Athens in Harmony organizer Pat Priest was at that vigil. “I thought, when looking at Mokah [Johnson], ‘Now is the time, and these are the people.’” Johnson, the co-founder of the Athens Hip Hop Awards and a leader of the Athens Anti-Discrimination Movement, had helped organize the rally, and Priest thought she and her husband, Knowa, would be perfect candidates to help transform her idea into reality.
To complete the team, Priest brought Athens-Clarke County Police Chief Scott Freeman on board. In a time when so much tension exists between police and the black community, Freeman’s involvement added to the power of the first Athens in Harmony event, which took place Oct. 30 at The Foundry. “This community is diverse in every arena,” says Freeman, “and diversity should not only be accepted, but should be embraced at every level.”

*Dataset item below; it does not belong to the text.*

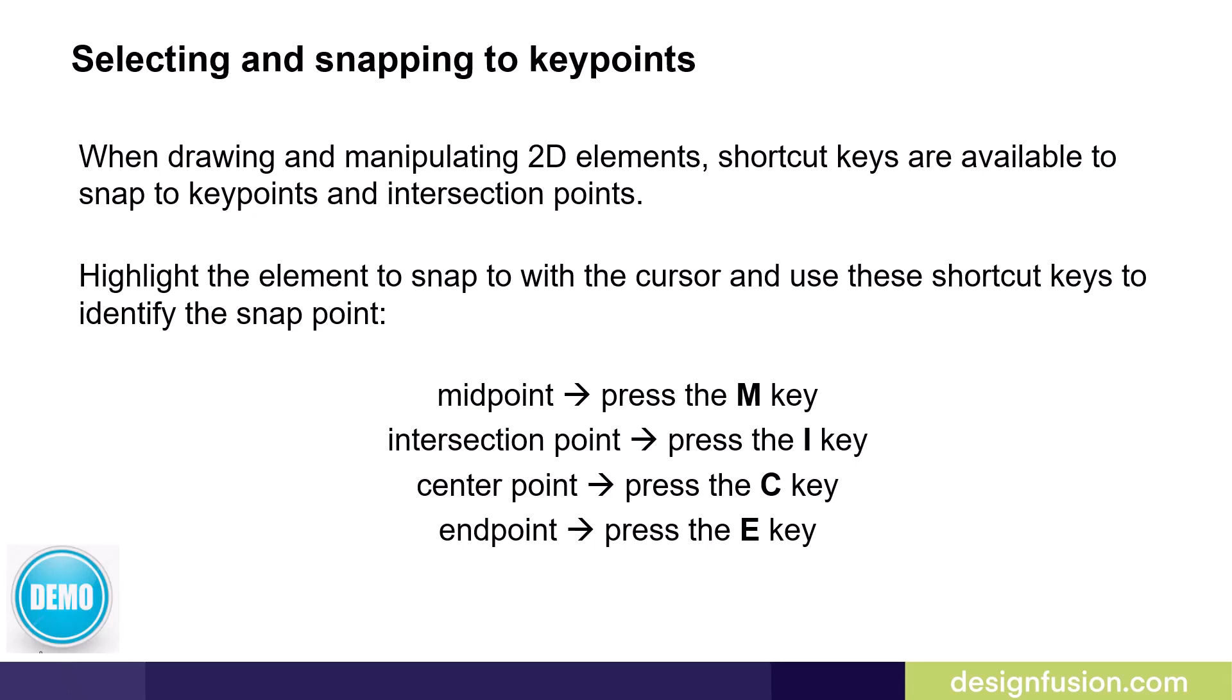You simply highlight the element with your cursor and then you can use either the M key for midpoint, I for intersection, C for center, or E for endpoint. To better understand how this works, let's have a look at this in solid edge.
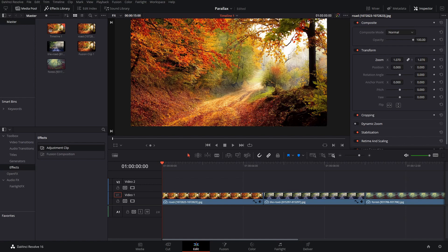Hey guys, what's up? It's Jake Whipp here back for another tutorial and today I'm going to be showing you guys how to make this super cool parallax effect.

At the October concert, musicians of varying cultural backgrounds, races and genres were paired up for collaborative performances. Priest says it was fun to see what songs artists chose, especially with the genre crossovers involved. Many chose protest songs from the 1960s that still carry meaning today. Most of the songs were also written and originally performed by black artists, bringing even greater significance to the performances, as the audience was reminded of how much the black community has contributed to American culture. Johnson says the successful event “reflected a new Athens, a more diverse [Athens]—a community that supports justice and equality.”
With the looming inauguration of President-elect Trump, Priest decided to hold another Athens in Harmony event on MLK Day. Ten duos will perform, many of which are returning pairs from the October concert. Priest hopes the event and its timing will allow people of all races, creeds and lifestyles to come together as one community—to step out of their comfort zones and get to know one another.

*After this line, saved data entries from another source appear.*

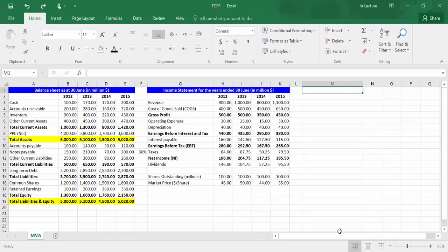This video is about computing free cash flow to firm from financial statements using Excel. We have the balance sheets and income statements for years 2012, 2013, 2014, and 2015. All values are in million dollars.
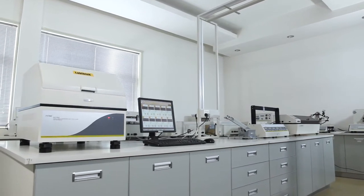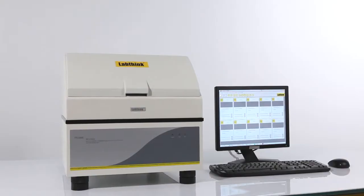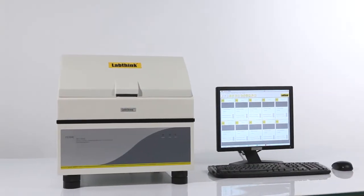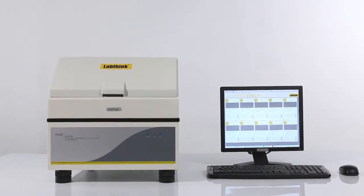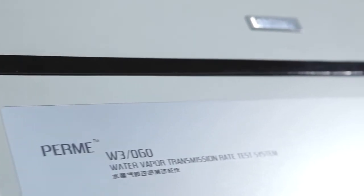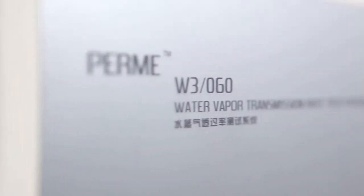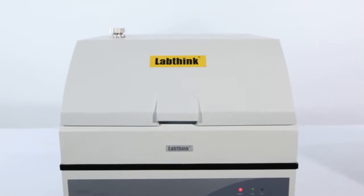W3060 is LabThink's latest generation of automatic WVTR testing system employing the water method, which is the fundamental and arbitration testing method for water vapor transmission rate test.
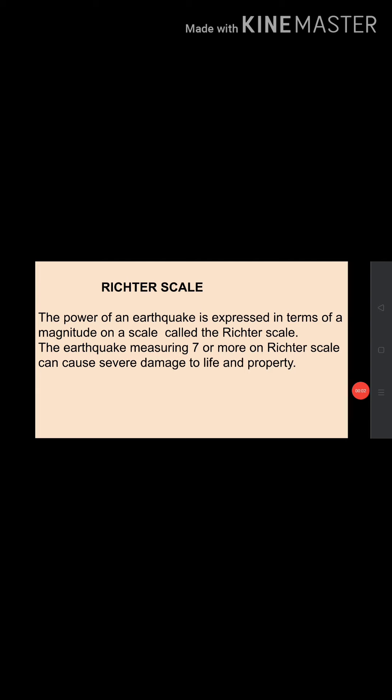The power of an earthquake is expressed in terms of a magnitude on a scale called the Richter scale. An earthquake measuring 7 or more on the Richter scale can cause severe damage to life and property.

“I hope the event does more than just bring awareness,” says Darrin Ellison, who performs as the rapper Elite the Showstoppa. “I hope it shows unity. I hope it brings clarity. I hope people walk away with a more open-minded outlook on the human race.”
In the face of recent hate speech and hate crimes nationwide, Caroline Aiken, Ellison’s performance partner at the event, wants to be “the first one to say, ‘Not in my name!” she says. “That’s pretty much why I’m there. That’s not gonna happen on my watch. The more that people do that, the better off we’ll be.”
Themes of love and togetherness drive Athens in Harmony. Aiken says she loved how diverse the crowd was at the first installment. “When I go to a show, it’s normally all black [or] all white, depending on the performer,” she says.
It is this mixing together that breaks down the barriers of racism and bias, says Freeman, adding, “As a community, we must take appropriate steps to set community norms that no form of discrimination will be tolerated.” As artists gets to know other artists, and audience members get to know others in attendance, the hope is that this tolerance of discrimination breaks down.
“People are pretty much afraid of the unknown,” says Aiken. “The more they understand someone, the less they’ll be afraid of them.” So, Freeman urges, “Come out and let the music unite.”